**SOURCE MATERIAL**
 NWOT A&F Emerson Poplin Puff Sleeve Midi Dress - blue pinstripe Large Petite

---

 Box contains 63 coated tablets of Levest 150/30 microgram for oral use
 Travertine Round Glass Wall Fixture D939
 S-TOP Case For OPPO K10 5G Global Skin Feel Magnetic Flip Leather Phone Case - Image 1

==

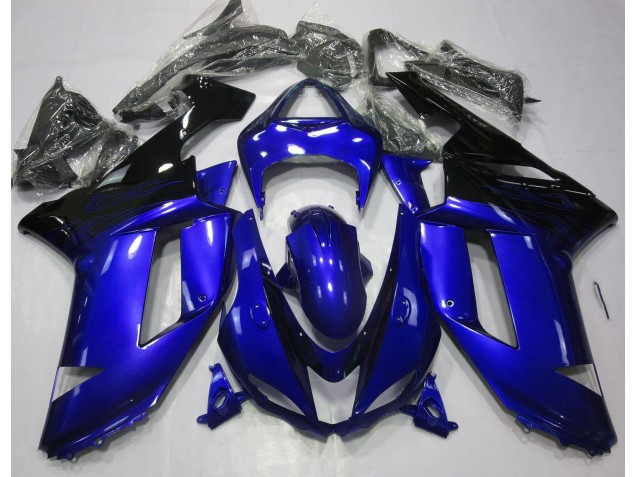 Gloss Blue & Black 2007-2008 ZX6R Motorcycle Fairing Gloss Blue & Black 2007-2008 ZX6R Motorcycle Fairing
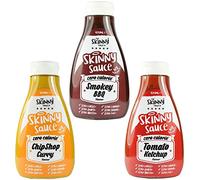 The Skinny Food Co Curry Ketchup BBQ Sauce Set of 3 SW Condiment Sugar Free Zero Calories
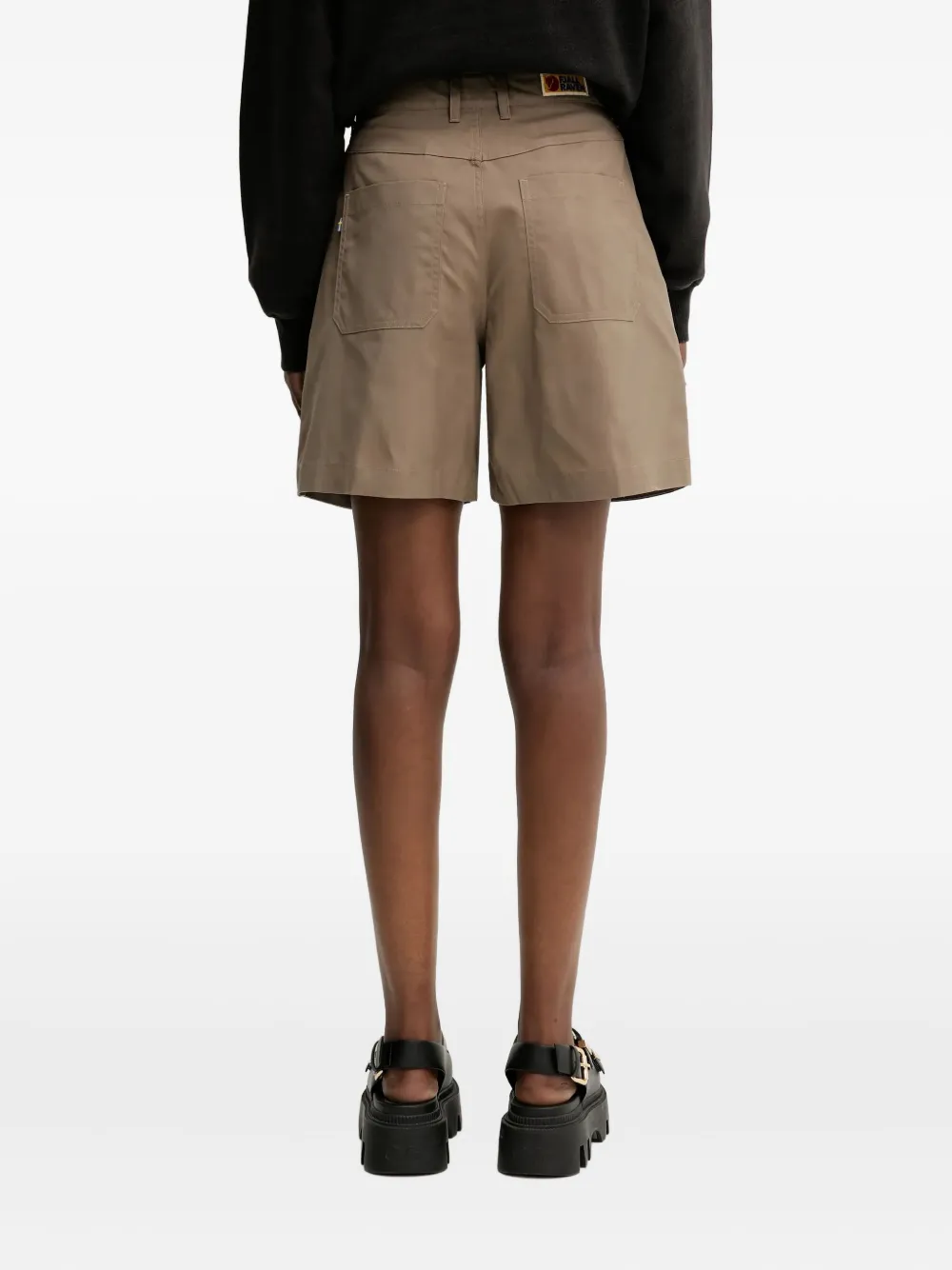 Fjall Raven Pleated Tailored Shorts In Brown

**TO DO**
In the entries above, find the line containing "The Skinny Food" and the line containing "Fjall Raven Pleated Tailored Shorts In Brown"; give again exactly those two lines and every line between them, minus the pictures.

**TASK SOLUTION**
 The Skinny Food Co Curry Ketchup BBQ Sauce Set of 3 SW Condiment Sugar Free Zero Calories
 Fjall Raven Pleated Tailored Shorts In Brown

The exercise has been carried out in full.